Sounds promising! Now, would this work for my case where I have a new archive file generated whenever a new user joins so the importrange would need to automatically include new file ID’s somehow. Also can importrange build up one single range from all the imports from all these different storage files?

Another thought: do I need to break up the storage files into one per user, especially if this complicates this call back? I’m only doing this because each user generates 8 rows a day, and the goal is to be able to scale to 500 to 1000 users, or 2.9 million rows in a year.

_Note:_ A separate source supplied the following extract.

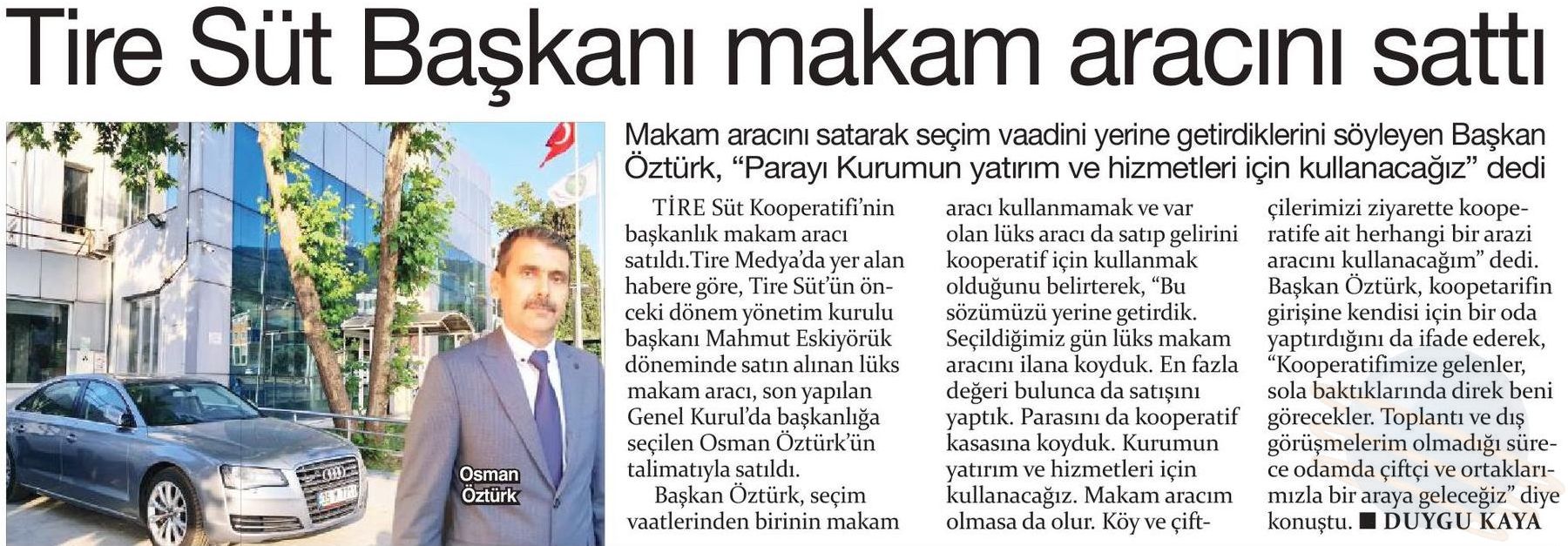 Gazete Haberi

No, neither of these should be an issue if setup correctly, have you considered the capacity of google sheets? If you are creating that many per year is it going to be necessary to recall all of these entries at all time or can they be removed after a span of time. Do you only need 90 days worth of entries,or 180 days,etc? But given you have that many entries I fear in one sheet that wouldnt be possible. You may need to have a script generate a new sheet every day when it stores data and in your original sheet of that stored data the same script writes the vlookups to add the additional pages. Being as large of a database you are speaking of would take any script or formula quite some time to search through 2 million + data points. I think looking into a script that erases data after a span of time would be in your best interest. Google Sheets maintaining any sort of speed in finding your information is not something you could count on.

So an easy way to lookup multiple results for your data would be to use an arrayformula. Alternatively you can have a column add the count number to the persons name and the lookup would do the same. So it would lookup Joe1, Joe2, Joe3, etc. But either way you go should be fine.

There is probably an opportunity for optimisation here. Instead of performing this iterative search every time, you could build a key-value lookup table with a pointer to each file, and then do a direct lookup on that table.

The console logger has a handy time method, which can be useful for identifying bottlenecks and slow functions.

Also, when performing iterative loops over large datasets, you should always look for opportunities to “short-circuit” and exit the loop as early as possible (but you probably already know that :slight_smile:)

Just a few ideas that might help.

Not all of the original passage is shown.